Restate the lines exactly, starting at the line that contains "Used 2023 VW" and finishing with the final line of the records.
*** Data extracts
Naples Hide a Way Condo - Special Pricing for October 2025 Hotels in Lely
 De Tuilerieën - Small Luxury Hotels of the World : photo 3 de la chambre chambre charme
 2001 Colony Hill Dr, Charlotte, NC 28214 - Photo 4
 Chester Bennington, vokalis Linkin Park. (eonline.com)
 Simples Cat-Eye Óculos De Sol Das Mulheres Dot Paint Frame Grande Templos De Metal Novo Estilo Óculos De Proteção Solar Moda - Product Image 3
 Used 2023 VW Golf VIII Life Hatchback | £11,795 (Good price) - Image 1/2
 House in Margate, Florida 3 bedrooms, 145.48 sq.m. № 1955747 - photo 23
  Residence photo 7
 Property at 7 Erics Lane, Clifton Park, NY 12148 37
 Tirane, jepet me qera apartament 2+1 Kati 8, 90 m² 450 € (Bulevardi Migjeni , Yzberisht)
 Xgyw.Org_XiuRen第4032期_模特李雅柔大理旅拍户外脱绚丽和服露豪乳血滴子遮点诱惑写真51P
******
### [Problem solution]
 Used 2023 VW Golf VIII Life Hatchback | £11,795 (Good price) - Image 1/2
 House in Margate, Florida 3 bedrooms, 145.48 sq.m. № 1955747 - photo 23
  Residence photo 7
 Property at 7 Erics Lane, Clifton Park, NY 12148 37
 Tirane, jepet me qera apartament 2+1 Kati 8, 90 m² 450 € (Bulevardi Migjeni , Yzberisht)
 Xgyw.Org_XiuRen第4032期_模特李雅柔大理旅拍户外脱绚丽和服露豪乳血滴子遮点诱惑写真51P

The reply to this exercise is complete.